Question : Selon vous, quelle est la place du et plus généralement l’avenir de la langue amazighe dans un Maroc en pleine mutation linguistique, notamment avec son ouverture sur les langues étrangères ?

AS – Il est difficile d’être futurologue en matière de faits sociaux et culturels. Depuis 2003, le Tifinagh est consacré en tant que graphie officielle de l’amazighe. En 2011, la Constitution a reconnu à l’amazighe le statut de langue officielle, aux côtés de l’arabe. En 2019, la loi organique relative à ce caractère officiel est, enfin, adoptée. Elle définit les domaines de son utilisation obligatoire selon un calendrier de mise en œuvre échelonné dans le temps. L’amazighe transcrit en Tifinaghe est déjà enseigné à l’école publique depuis 2003. Même si sa progression et son étendue territoriale demeurent modestes, il permet la diffusion de la langue et, plus profondément, une réconciliation des Marocains avec leur identité, qu’ils soient amazighophones ou darijophones.

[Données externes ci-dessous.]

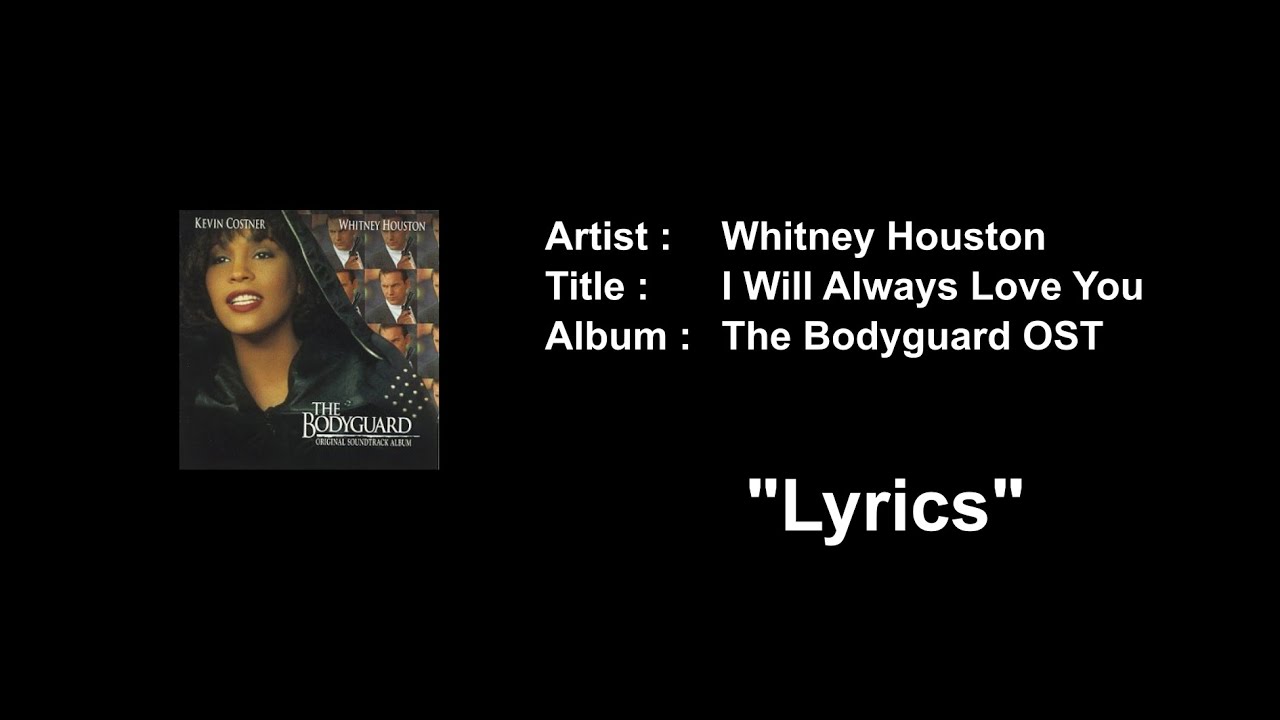 Whitney Houston I Will Always Love You Lyrics Español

Mais l’école, du primaire à l’université, a besoin d’ouvrages pour enseigner le Tifinagh. Il importe donc de transcrire la littérature orale et d’encourager la création littéraire et artistique d’expression ou d’inspiration amazighe afin de donner aux apprenants le goût d’une langue en lente réhabilitation.

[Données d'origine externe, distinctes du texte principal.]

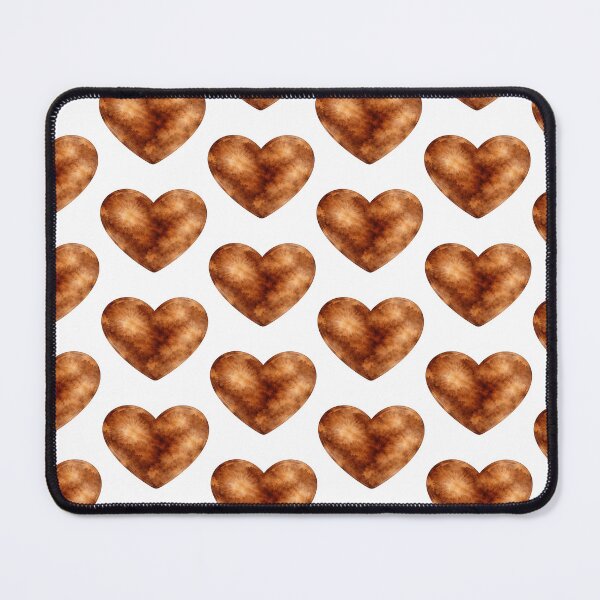Item preview, Brown Watercolor Heart designed and sold by Blink Art Studio.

La survivance de l’amazighe en tant que langue relève du miracle


Question :Pouvons-nous dire que le serait la première expression de la singularité amazighe ?

AS – Le Tifinagh est indéniablement un trait spécifique de la culture amazighe. Venu du fonds des âges et depuis peu objet d’une normalisation Unicode qui permet de l’intégrer aux supports informatiques les plus divers, l’avenir est encore long devant cette écriture simple et originale.


Question :Quelle serait la seconde expression de cette singularité amazighe ?

AS – La langue orale elle-même est une singularité amazighe. Contemporaine de langues puissantes telles que le grec et le latin, ayant connu une cohabitation avec l’arabe, langue liturgique puissante, vivant aujourd’hui aux côtés de langues internationales tels que le français, l’espagnol et l’anglais, sa survivance peut être assimilée à un miracle.

Lorsque le recensement de la population de 2014 annonçait que 28% des 34 millions de Marocains parlaient l’un des trois dialectes de l’amazighe, la sonnette d’alarme a été sonnée. Mais il semble qu’elle n’a pas été suffisamment entendue. Il est vrai que les darijophones parmi les Marocains sont aussi anthropologiquement parlant des Amazighes, mais la perte de cette langue plurimillénaire sera fortement préjudiciable au Maroc et à la diversité culturelle à l’échelle de l’humanité.